CIUDAD DEL VATICANO, 10 octubre 2001 (ZENIT.org).- En medio de los temores y de la tensión que caracterizan el escenario internacional, Juan Pablo II ha elevado una sentida invitación a la esperanza en Dios, el único capaz de superar los sufrimientos ligados a la historia.
El pontífice dedicó la tradicional audiencia general de los miércoles a meditar en el cántico que aparece en el capítulo 31 del libro bíblico de Jeremías, un pasaje preñado de esperanza y de confianza en el futuro, compuesto hace 27 siglos, pero que en estos momentos adquiere una sorprendente actualidad.
El «Libro del consuelo», como llamaba el pueblo judío a estos pasajes del profeta, hace referencia a los años difíciles en los que Israel vivía sometido a la ocupación de los asirios. En este contexto, el oráculo se convierte en una invitación a la alegría desbordante, expresada en un futuro de abundancia en los preciosos bienes de la época: trigo, vino, aceite, rebaños de ovejas y de vacas, un huerto regado…

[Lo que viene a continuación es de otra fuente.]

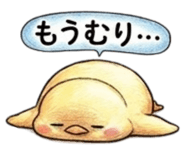 855554886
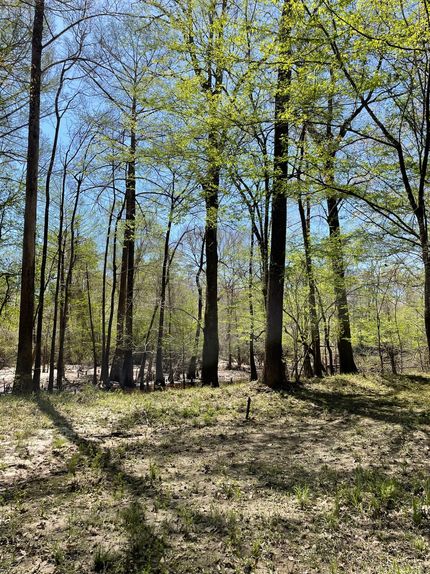 Farm and Ranch for sale in Covington County, Alabama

«La Biblia no conoce un espiritualismo abstracto –aclaró el Papa–. La alegría prometida no afecta sólo a lo íntimo del hombre, pues el Señor cuida de la vida humana en todas sus dimensiones. Jesús mismos no dejará de subrayar este aspecto, invitando a sus discípulos a fiarse de la Providencia, incluso en lo que se refiere a las necesidades materiales».

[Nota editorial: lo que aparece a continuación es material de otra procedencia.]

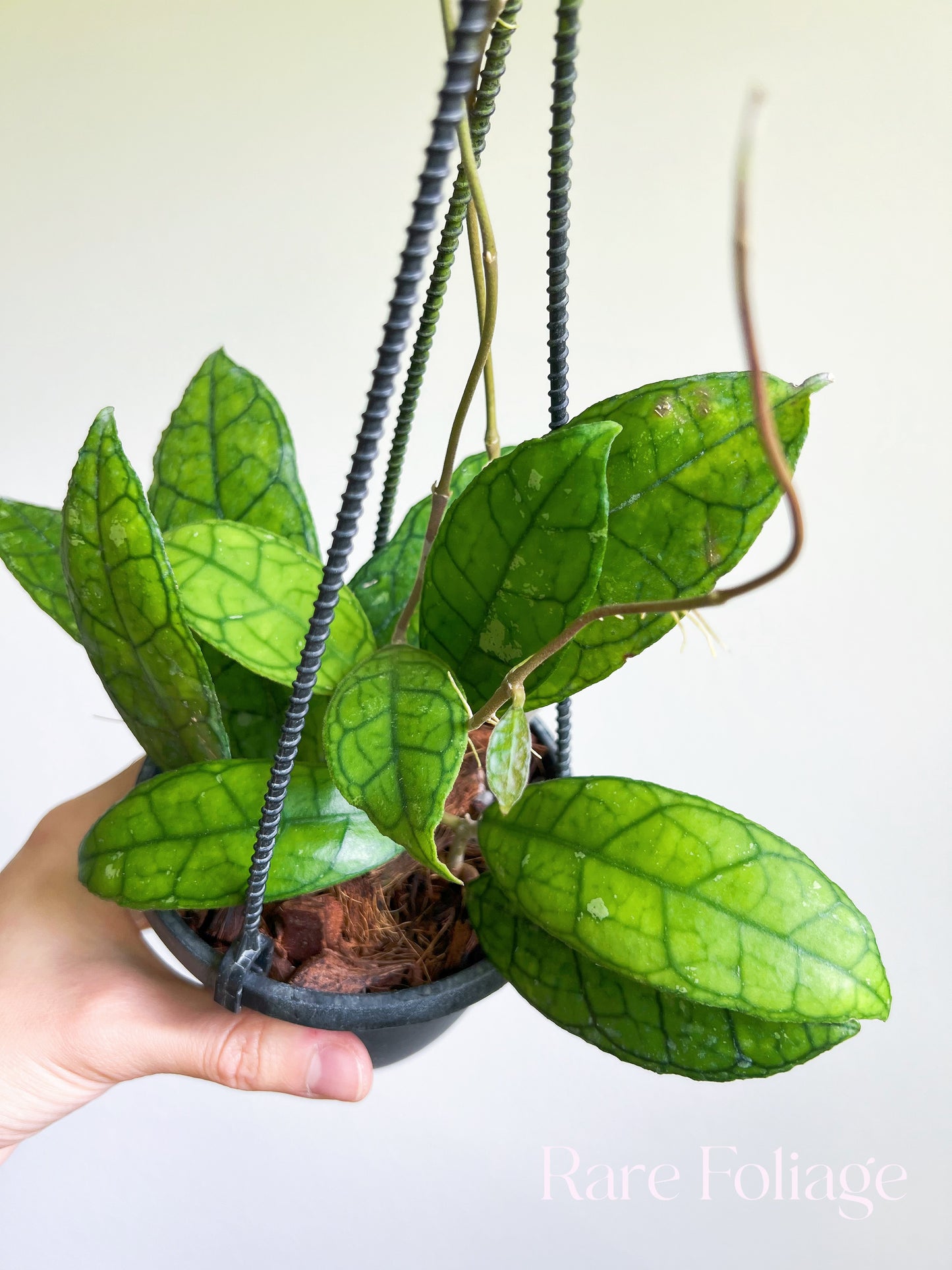 Hoya Finlaysonii Round Leaf 4" Hanging Basket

La gran lección de la Escritura, aclaró el obispo de Roma, es que «Dios quiere hacer feliz a todo el hombre».
El hombre no siempre ve cumplidas estas expectativas, siguió constatando, y de hecho el pueblo judío conoció los días amargos del exilio, de la dominación de Babilonia. Sin embargo, «Dios no dejó de cumplir su promesa: el responsable de esta desilusión es una vez más el pueblo con su infidelidad».
«Si bien la promesa no pudo realizarse entonces a causa de la falta de respuesta de los hijos, el amor del Padre permanece en toda su impactante ternura», aclaró.
«Este amor constituye el hilo conductor que une las fases de la historia de Israel, en sus alegrías y en sus tristezas, en sus éxitos y fracasos –añadió el sucesor de Pedro–. Dios no desfallece en su amor, y el mismo castigo es una de sus expresiones, asumiendo un significado pedagógico y salvífico».
Por tanto, la promesa de felicidad de Dios nunca se ve traicionada, en todo caso es diferida, pues «antes o después vendrá, a pesar de todas las fragilidades de los hombres».
Esta promesa se realizó con la muerte y resurrección de Cristo y con el don del Espíritu, constató, y culminará con el regreso del Señor al final de los tiempos.
«A la luz de estas certezas –concluyó el Papa Wojtyla– el sueño de Jeremías sigue siendo una oportunidad histórica real, condicionada por la fidelidad de los hombres, y sobre todo una meta final, garantizada por la fidelidad de Dios, que ya ha sido inaugurada por su amor en Cristo».